------ SOURCE MATERIAL ------

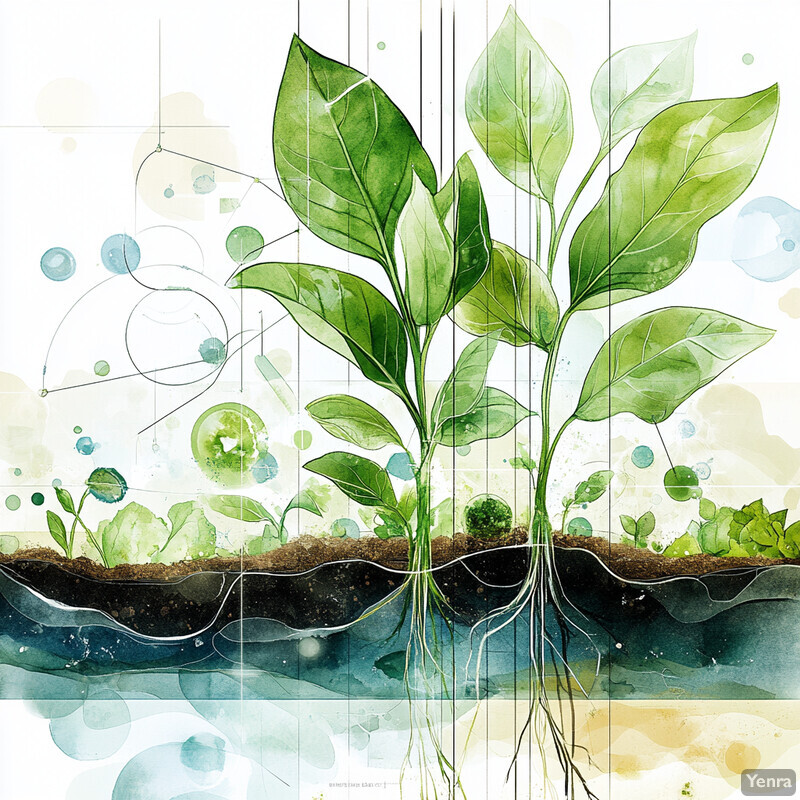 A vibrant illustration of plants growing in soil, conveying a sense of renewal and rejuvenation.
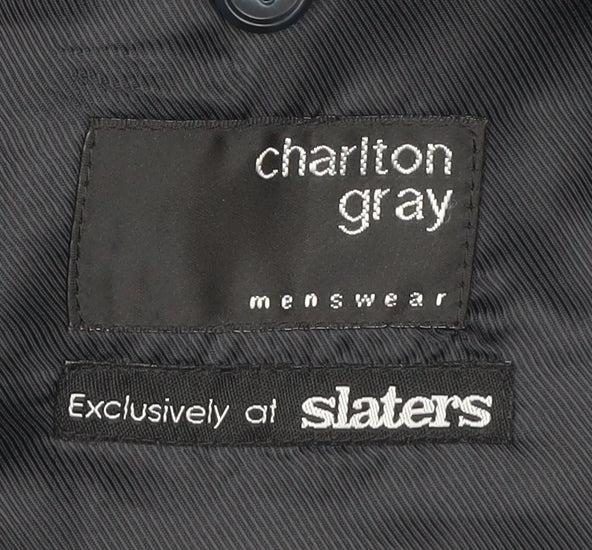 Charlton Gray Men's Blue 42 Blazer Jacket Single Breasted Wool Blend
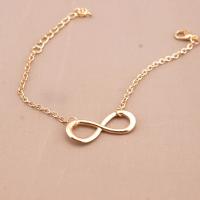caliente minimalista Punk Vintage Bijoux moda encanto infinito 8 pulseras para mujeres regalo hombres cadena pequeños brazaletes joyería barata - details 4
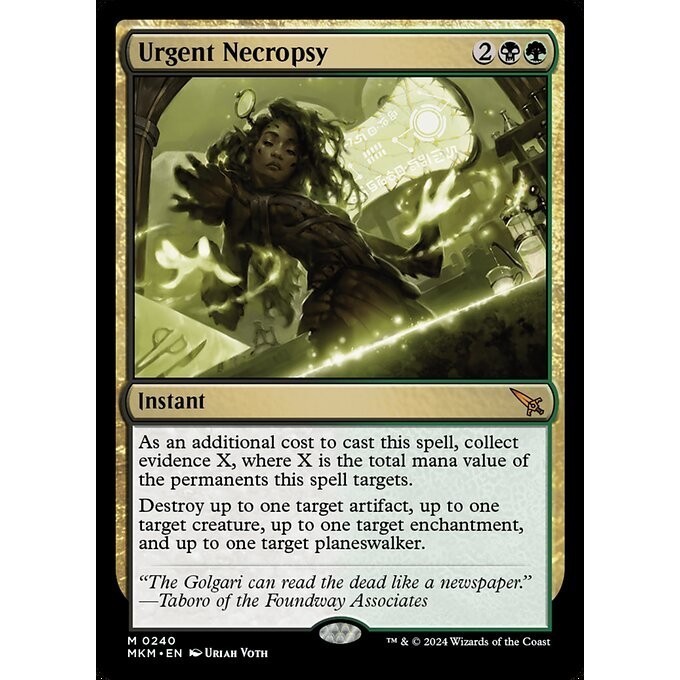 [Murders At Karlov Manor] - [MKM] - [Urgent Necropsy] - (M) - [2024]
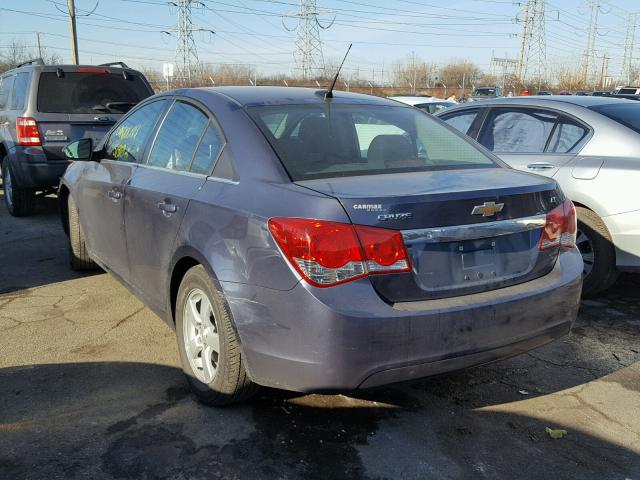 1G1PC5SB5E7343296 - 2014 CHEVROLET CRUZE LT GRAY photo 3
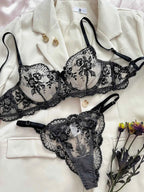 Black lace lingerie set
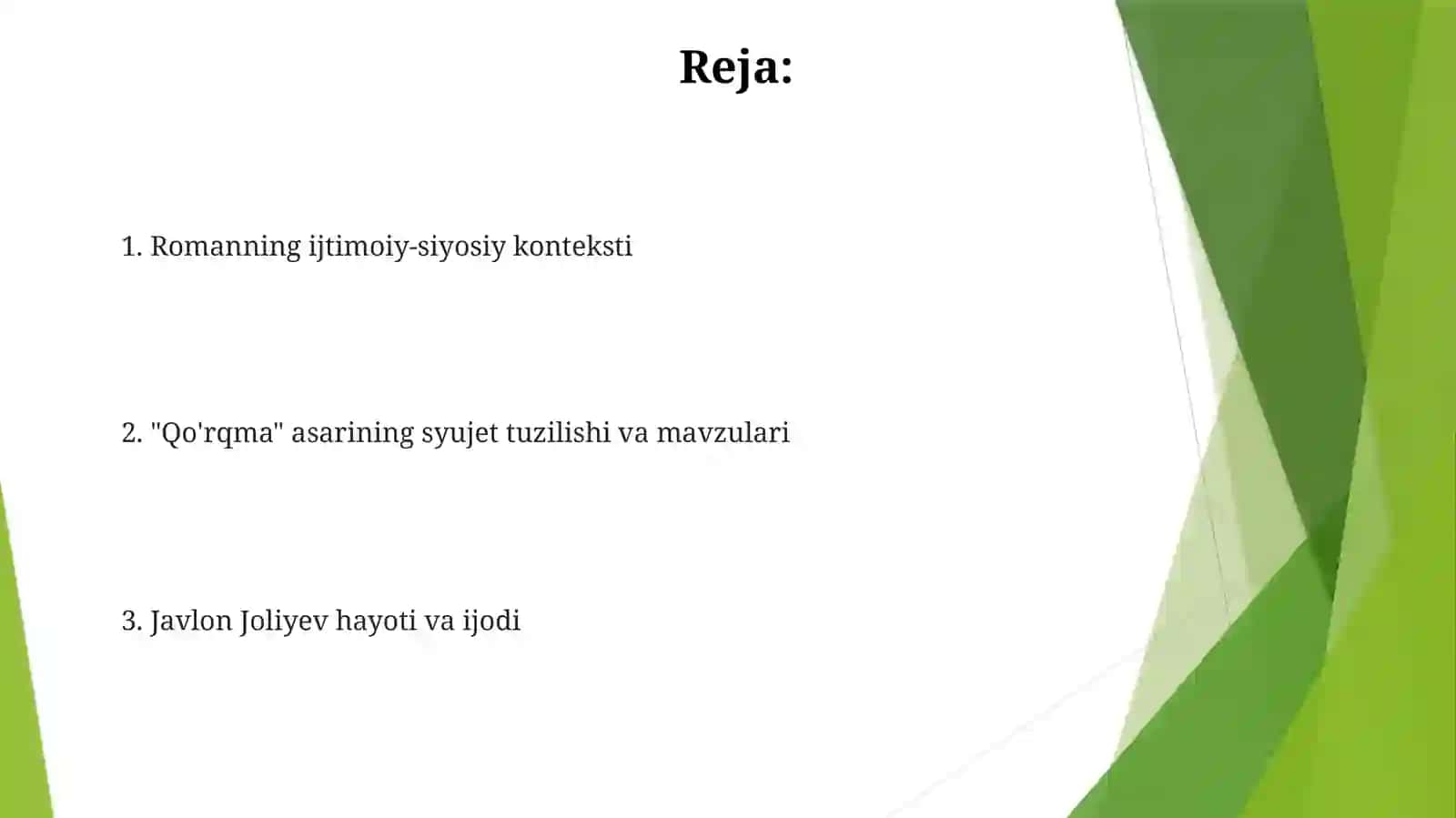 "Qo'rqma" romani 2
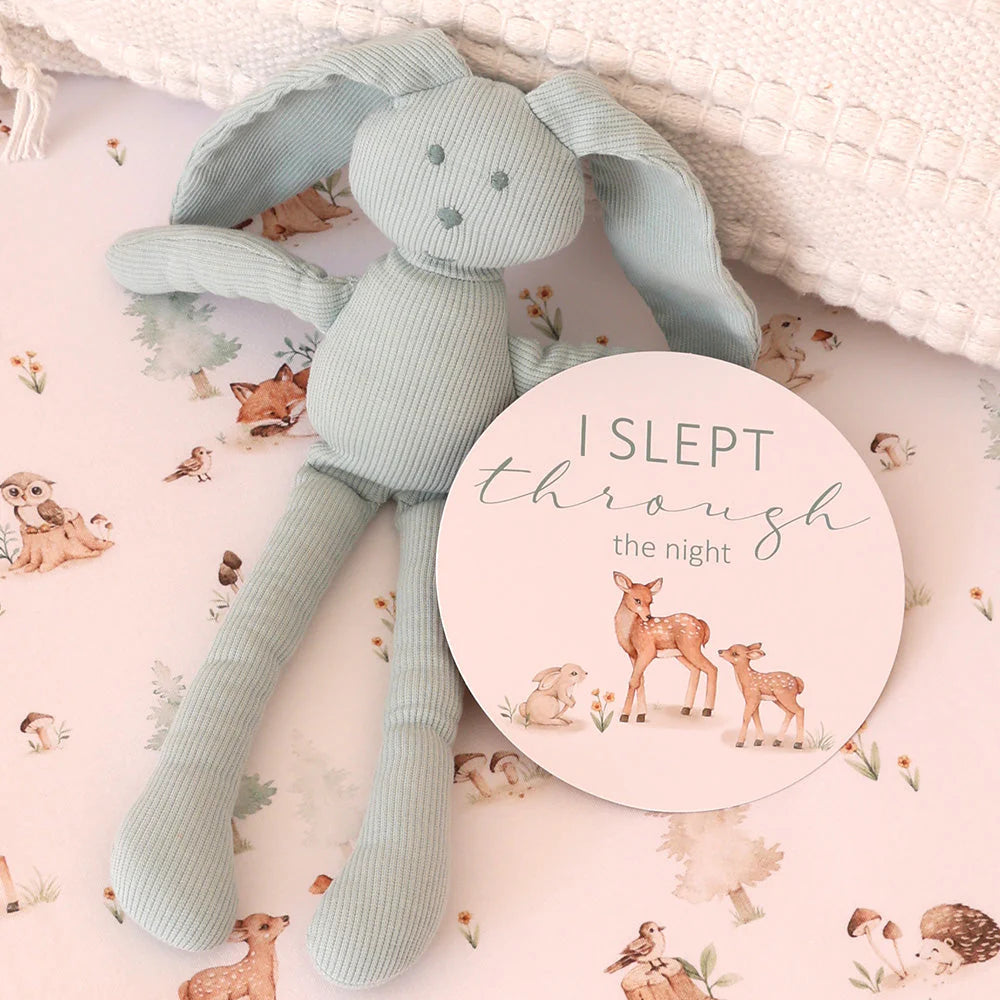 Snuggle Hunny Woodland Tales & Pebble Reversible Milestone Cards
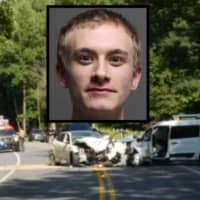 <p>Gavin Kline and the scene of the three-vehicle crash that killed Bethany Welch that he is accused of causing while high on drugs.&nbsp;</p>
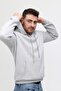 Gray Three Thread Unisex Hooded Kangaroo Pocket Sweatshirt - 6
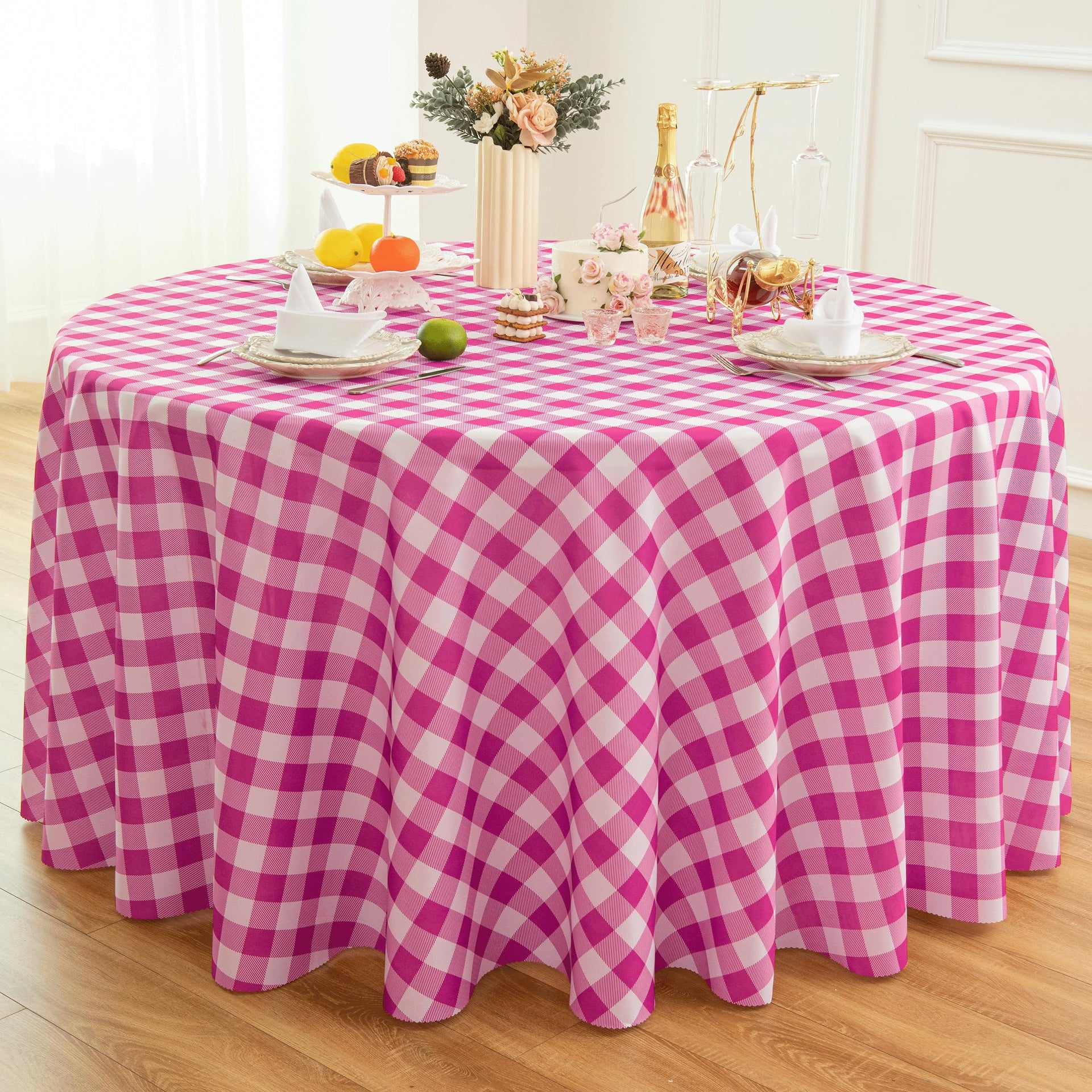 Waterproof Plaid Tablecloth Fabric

------

→ **TASK BRIEF**: Please reproduce the whole listing exactly; the pictures stay out.

→ **EXPECTED OUTPUT**:
 A vibrant illustration of plants growing in soil, conveying a sense of renewal and rejuvenation.
 Charlton Gray Men's Blue 42 Blazer Jacket Single Breasted Wool Blend
caliente minimalista Punk Vintage Bijoux moda encanto infinito 8 pulseras para mujeres regalo hombres cadena pequeños brazaletes joyería barata - details 4
 [Murders At Karlov Manor] - [MKM] - [Urgent Necropsy] - (M) - [2024]
 1G1PC5SB5E7343296 - 2014 CHEVROLET CRUZE LT GRAY photo 3
 Black lace lingerie set
 "Qo'rqma" romani 2
 Snuggle Hunny Woodland Tales & Pebble Reversible Milestone Cards
 <p>Gavin Kline and the scene of the three-vehicle crash that killed Bethany Welch that he is accused of causing while high on drugs.&nbsp;</p>
 Gray Three Thread Unisex Hooded Kangaroo Pocket Sweatshirt - 6
 Waterproof Plaid Tablecloth Fabric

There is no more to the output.